To prepare for the migration of tenants hosted on a virtual file system, follow these steps that are applicable to all supported virtual file systems:

  • Copy the core-site.xml file to the following locations:
    • <installation_path>/cmc/lib/
    • <installation_path>cmc/tmt
    • <installation_path>/IncortaNode/runtime/lib/
    • <installation_path>/IncortaNode/runtime/webapps/incorta/WEB-INF/lib/
    • <installation_path>/IncortaNode/hadoop/etc/hadoop/
Note

You can use the cp command to perform this task.

Example: cp /incorta/core-site.xml /home/incorta/IncortaAnalytics/cmc/lib/

  • In the case of ADLS only, set the environment variables in ~/.bash_profile or ~/.bashrc as follows:
    • export AZURE_CLIENT_ID=<your_Azure_Client_ID>
    • export AZURE_CLIENT_SECRET_KEY=<your_Azure_Client_Secret_Key>
    • export AZURE_TENANT_ID=<your_Azure_Tenant_ID>
  • For all supported virtual file systems, inject the core-site.xml file in incorta.engine.tools.jar:
    • Navigate to the following directory: <installation_path>/IncortaNode/runtime/webapps/incorta/WEB-INF/lib. The default installation path is /home/incorta/IncortaAnalytics
    • Run the following command: jar uf incorta.engine.tools.jar core-site.xml

After a successful migration

When the Versioning Migration Tool completes the migration process, the migration result summary appears showing migrated, failed, and skipped entities. You can run the tool more than once to migrate failed entities.

Old structure content

After completing the migration successfully and starting the services, it is recommended that you delete unneeded directories and files including the following:

  • The tenant backup files
  • The snapshot directory
  • The parquet directory
  • The loadTime.log file

The Versioning Migration Tool log files

By default, the Versioning Migration Tool creates log files in the <installation_path>/IncortaNode and <installation_path>/IncortaNode/migration directories. You can use the log files to determine the results of the migration process.
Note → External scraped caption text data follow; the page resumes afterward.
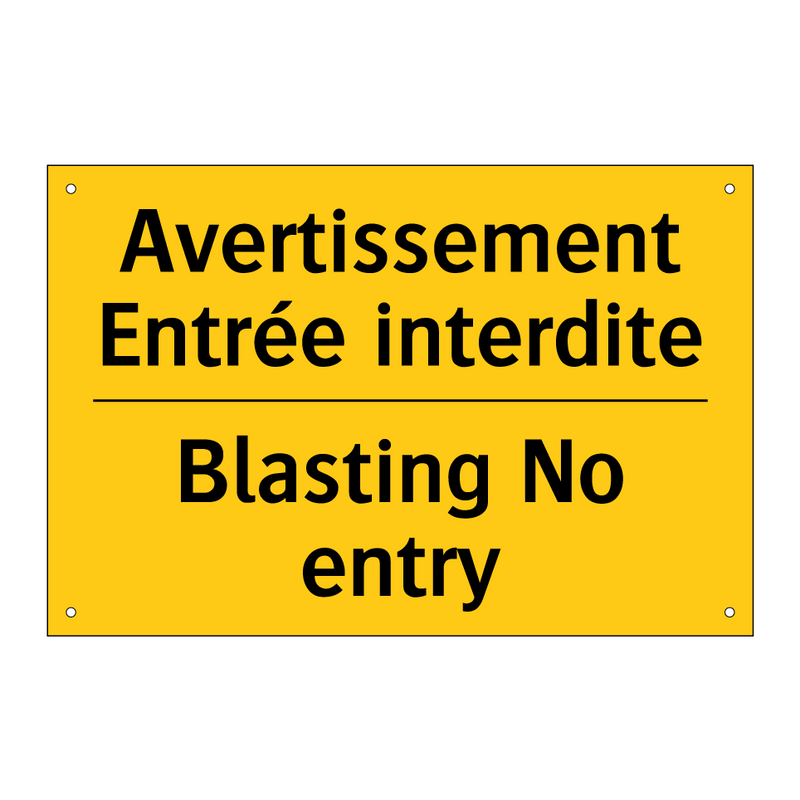 Avertissement Entrée interdite - Blasting No entry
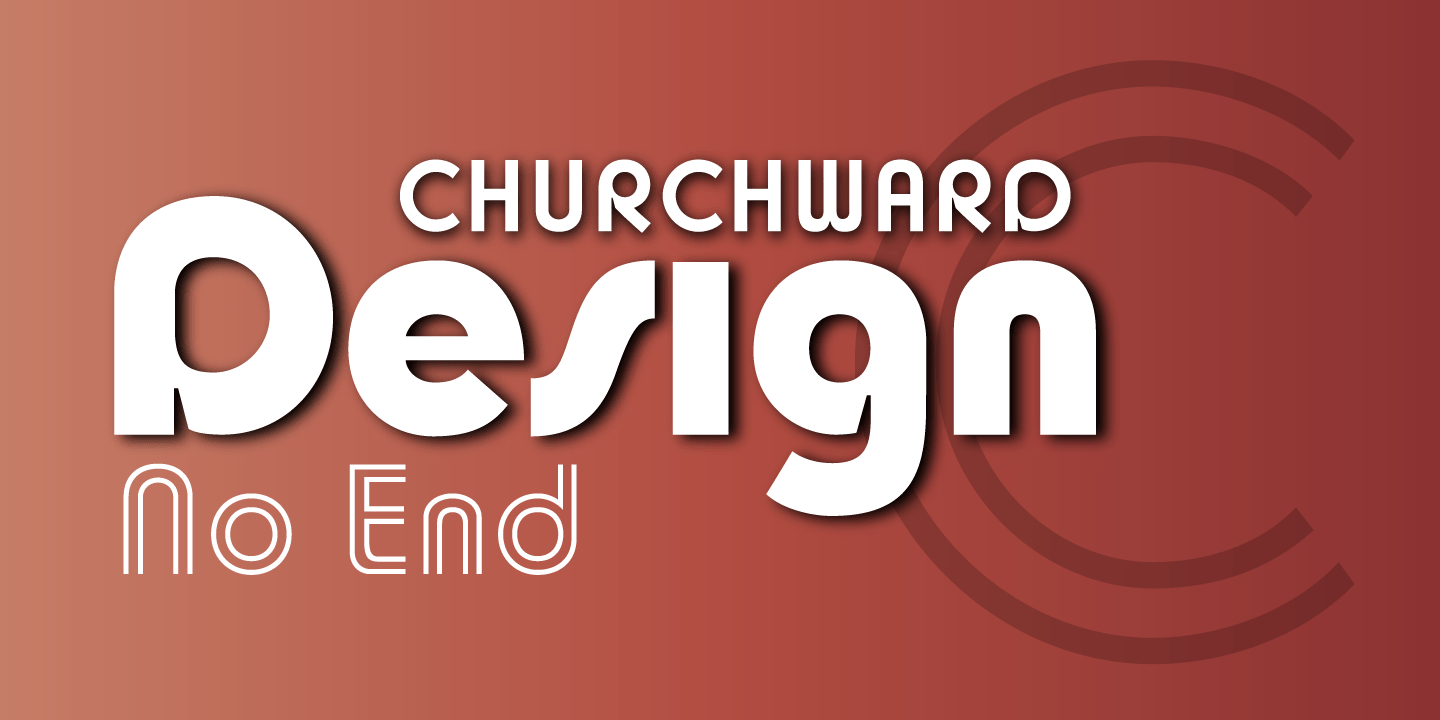 Churchward Design NoEnd Font Poster #1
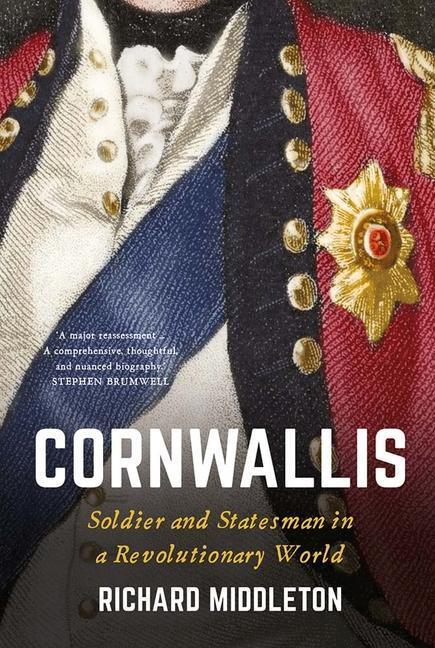 Cover: 9780300196801 | Cornwallis: Soldier and Statesman in a Revolutionary World | Middleton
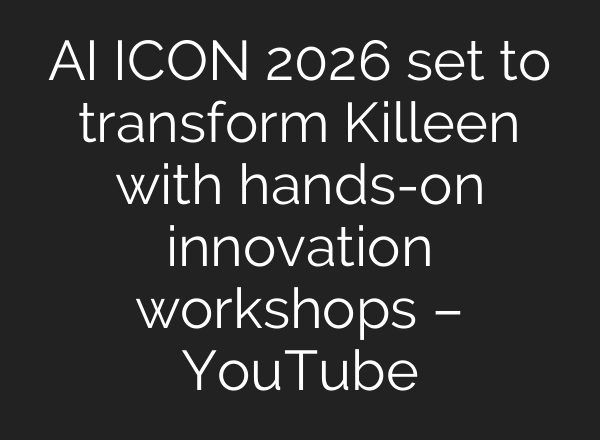AI ICON 2026 set to transform Killeen with hands-on innovation workshops – YouTube
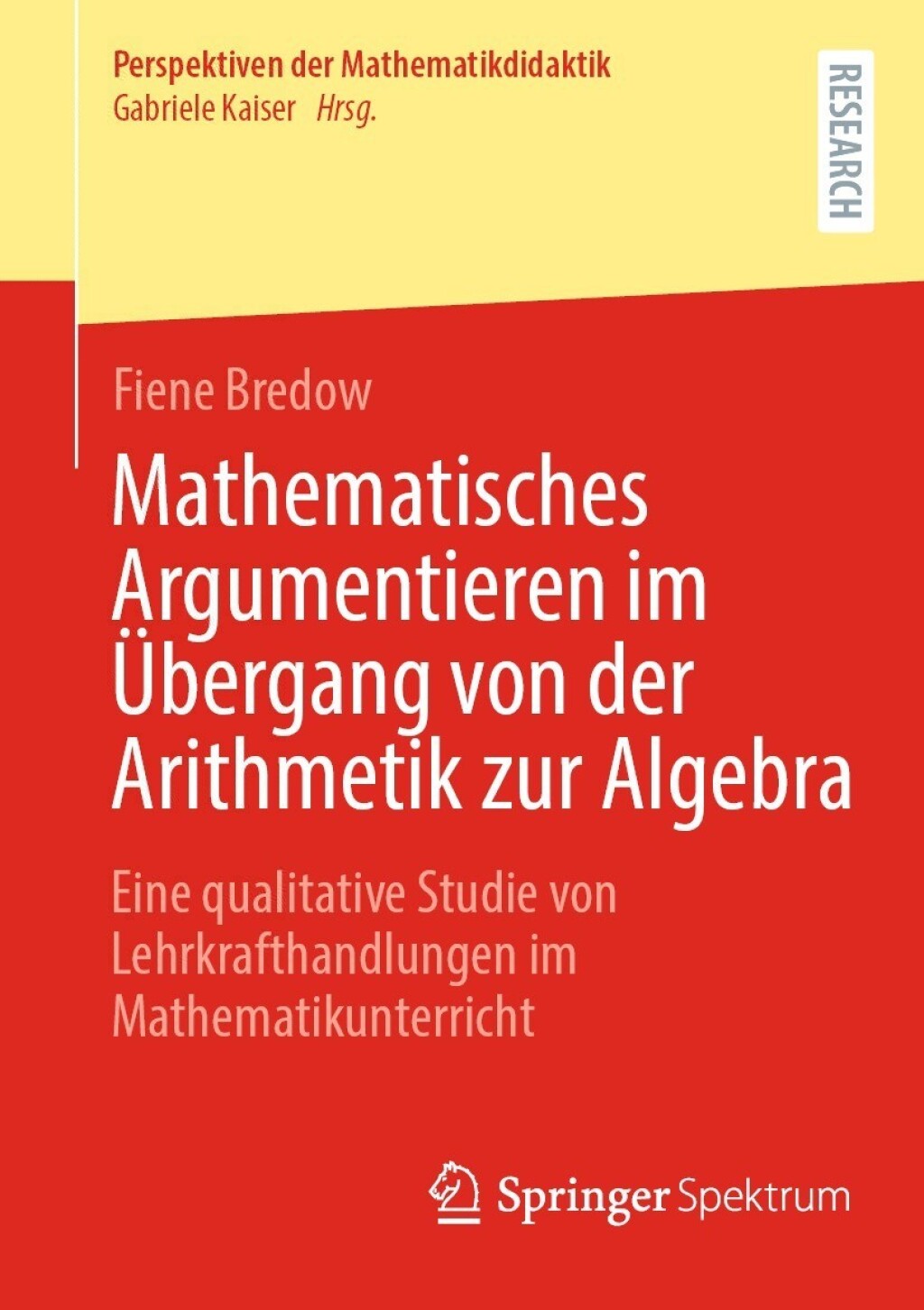 Mathematisches Argumentieren im Ãœbergang von der Arithmetik zur Algebra Eine qualitative Studie von Lehrkrafthandlungen im Mathematikunterricht  â€“ PDF/EPUB Version Downloadable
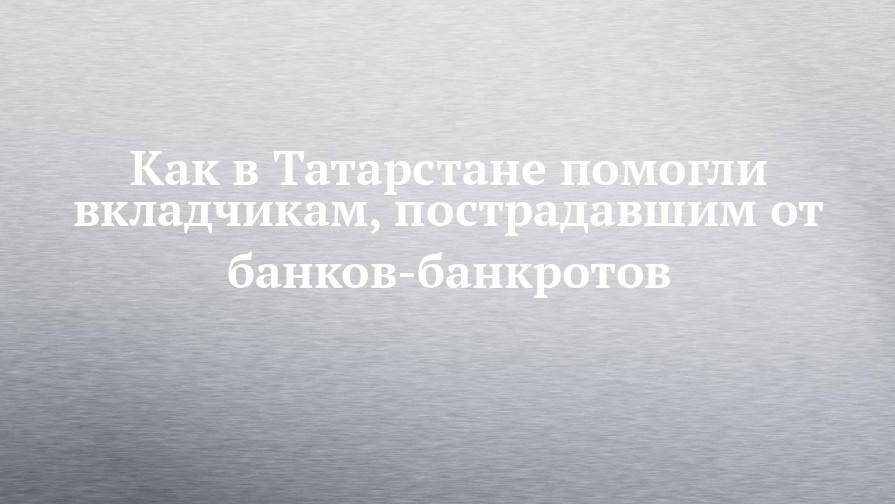 Как в Татарстане помогли вкладчикам, пострадавшим от банков-банкротов
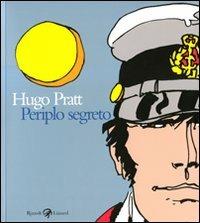 Hugo Pratt. Periplo segreto. Tecniche miste: 1950-1995. Ediz. italiana, francese e inglese - copertina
The tool logging configurations are available in the migration-logging.properties file that exists in the IncortaNode directory. You can change the default configurations by editing this .properties file.

While log files created under the IncortaNode directory start with versioningMigrationTool as a prefix followed by a timestamp.

Log files created under the migration directory start with the prefix specified in the migration-logging.properties file and followed by a timestamp also. The default prefix is incorta-migration.

Considerations for migrating between different environments

When migrating shared storage files from one Incorta cluster to another, for example, from User Acceptance Testing (UAT) to Production, you must first copy the parquet (source) folder and then perform a load from staging. Both environments must run an Incorta release that supports file versioning and the copied files should not have records in the FILES_VERSIONS or VERSION_LOCK metadata database tables.

Warning

Only copying the ddm and source folders from shared storage between the different environments will not have the same result as copying the source folder and then loading data from staging.

The default maxThread value calculation

The Versioning Migration Tool calculates the default maxThread value based on the following equation:

CPU cores utilization * machine available processors)/100

The CPU cores utilization initial value is the engine.cpu_cores_utilization value that exists in the <installation_path>/IncortaNode/services/<service_directory>/incorta/engine.properties file. However, the tool can use another derived value as follows:

  • If the tool does not find the 'engine.cpu_cores_utilization' value, the default is 50.
  • If the value is less than 10, the tool will consider it 10.
  • If the value is greater than 100, the tool will consider it 100.
Note

If the result of the default maxThread calculation is less than 1, the default value will be 1.